**PROBLEM STATEMENT:**
Find the line with "Red Beefsteak Tomato" in the entries below. Repeat it, every following line, and the line with "Dark Print Hoodie", exactly and with nothing added.

______

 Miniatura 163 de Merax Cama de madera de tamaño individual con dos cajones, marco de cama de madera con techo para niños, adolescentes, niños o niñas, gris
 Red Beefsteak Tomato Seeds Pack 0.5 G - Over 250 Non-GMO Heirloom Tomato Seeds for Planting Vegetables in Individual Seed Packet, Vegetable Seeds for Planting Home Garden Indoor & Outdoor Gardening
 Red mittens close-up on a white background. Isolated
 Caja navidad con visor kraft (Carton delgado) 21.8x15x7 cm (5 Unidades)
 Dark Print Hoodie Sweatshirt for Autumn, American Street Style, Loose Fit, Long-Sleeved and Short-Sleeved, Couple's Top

______

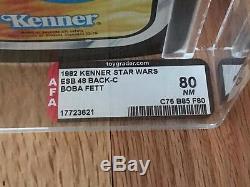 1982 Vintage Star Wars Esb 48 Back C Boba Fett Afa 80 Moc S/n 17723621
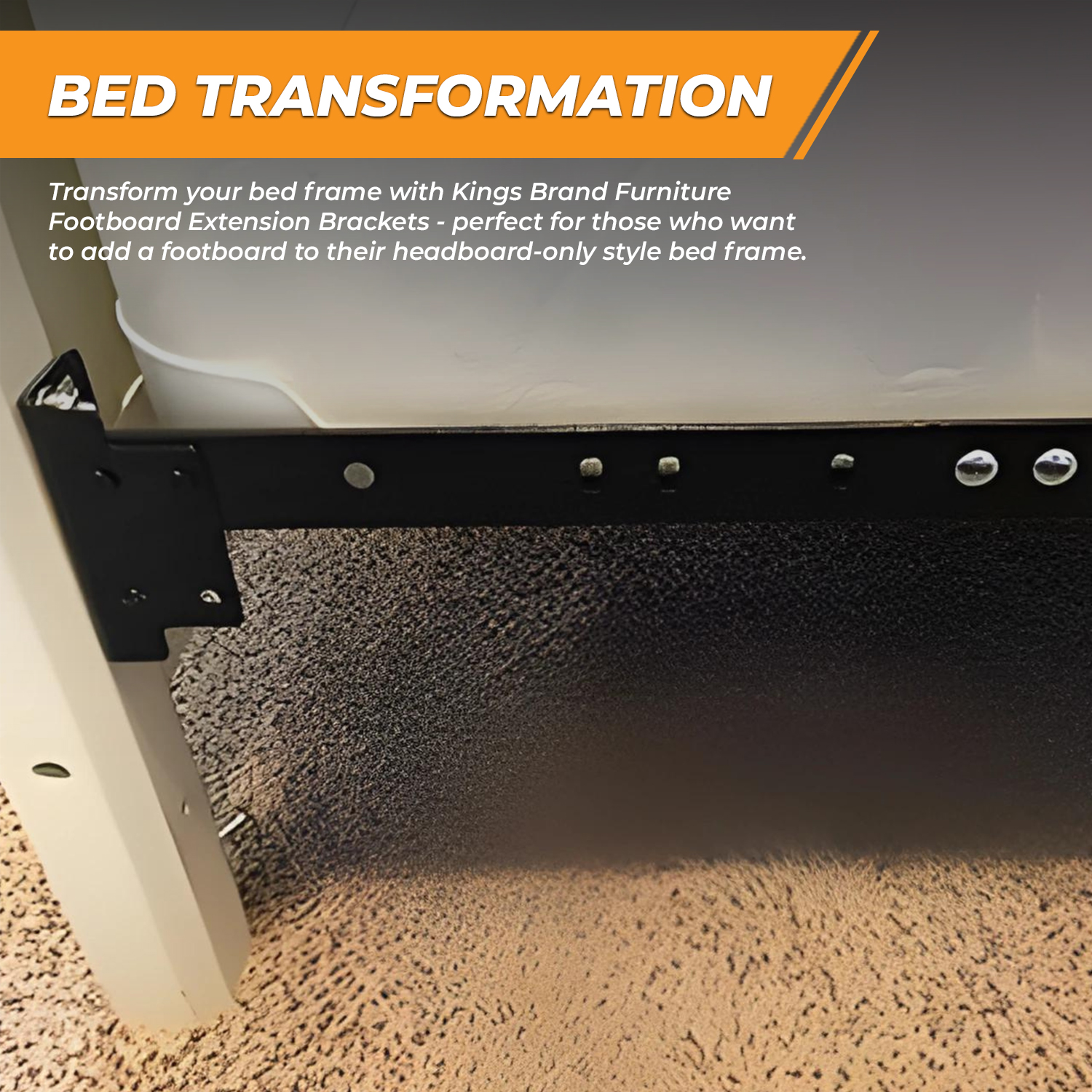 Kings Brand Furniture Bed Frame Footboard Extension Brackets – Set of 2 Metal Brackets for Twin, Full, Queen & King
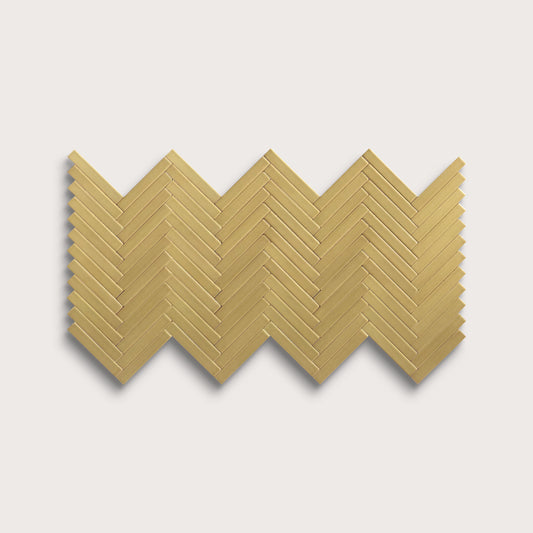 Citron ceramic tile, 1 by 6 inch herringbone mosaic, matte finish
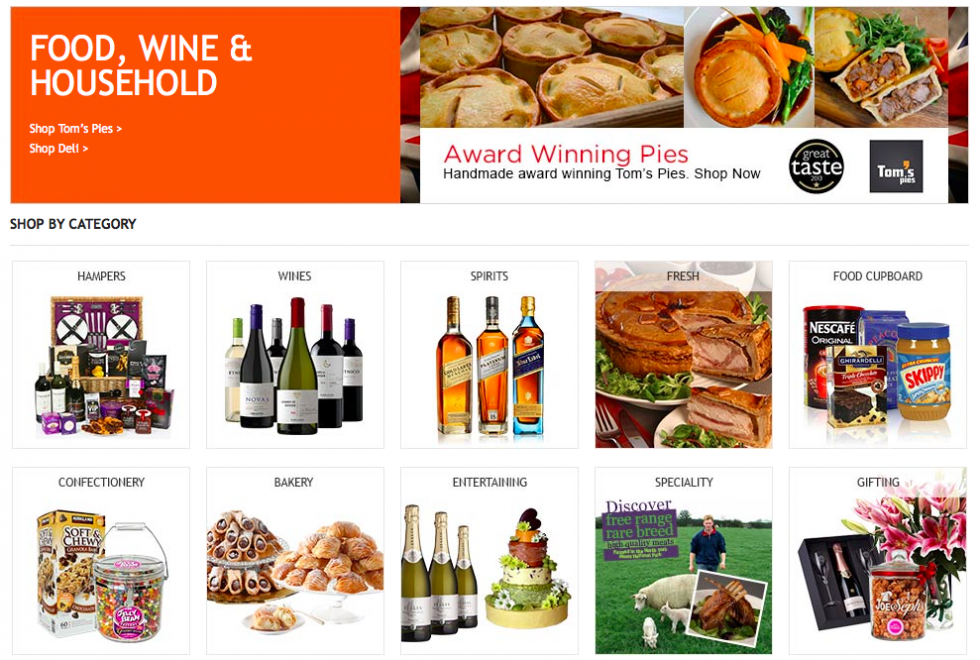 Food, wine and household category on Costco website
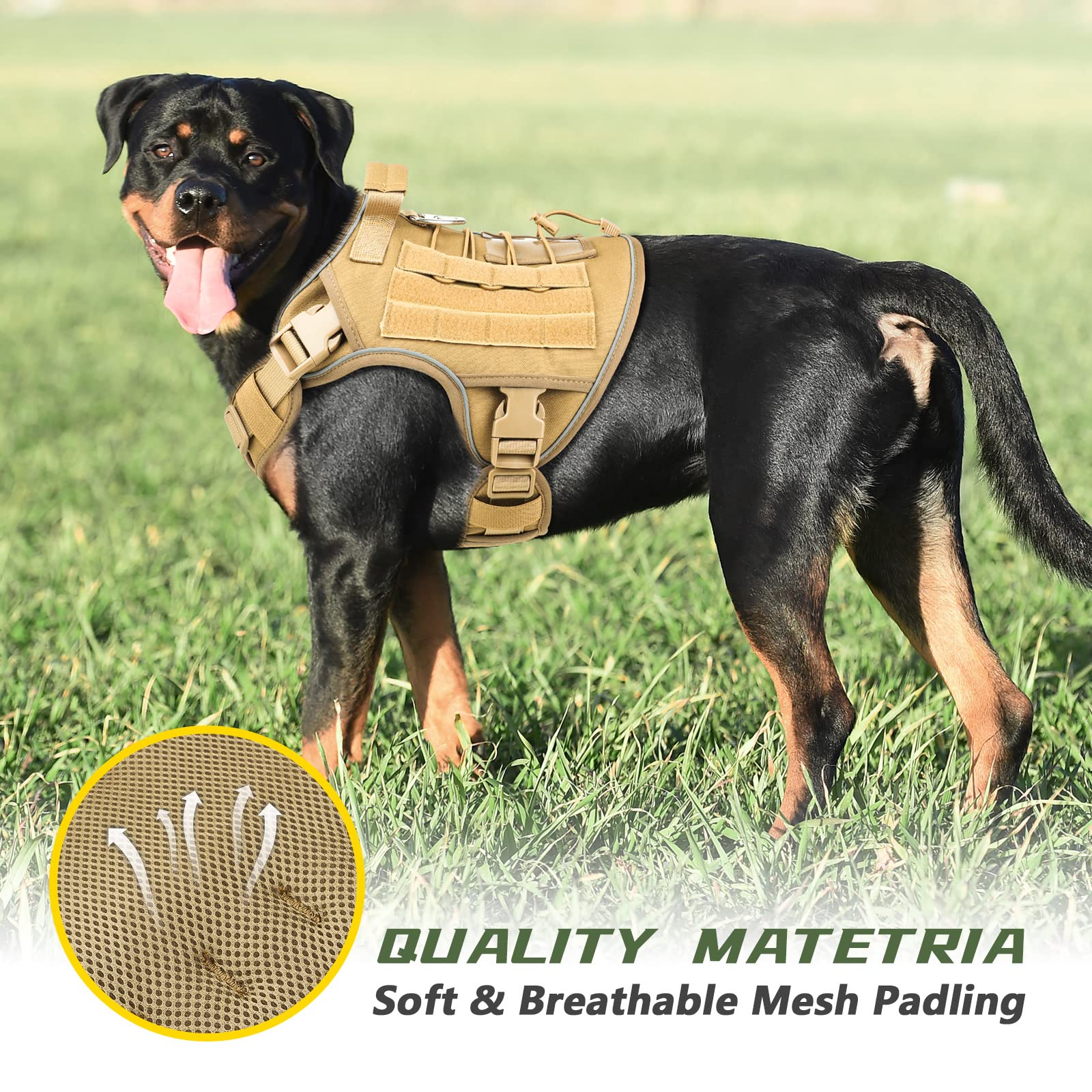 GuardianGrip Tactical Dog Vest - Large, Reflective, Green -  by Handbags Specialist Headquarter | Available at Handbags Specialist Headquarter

______

**YOUR SOLUTION:**
 Red Beefsteak Tomato Seeds Pack 0.5 G - Over 250 Non-GMO Heirloom Tomato Seeds for Planting Vegetables in Individual Seed Packet, Vegetable Seeds for Planting Home Garden Indoor & Outdoor Gardening
 Red mittens close-up on a white background. Isolated
 Caja navidad con visor kraft (Carton delgado) 21.8x15x7 cm (5 Unidades)
 Dark Print Hoodie Sweatshirt for Autumn, American Street Style, Loose Fit, Long-Sleeved and Short-Sleeved, Couple's Top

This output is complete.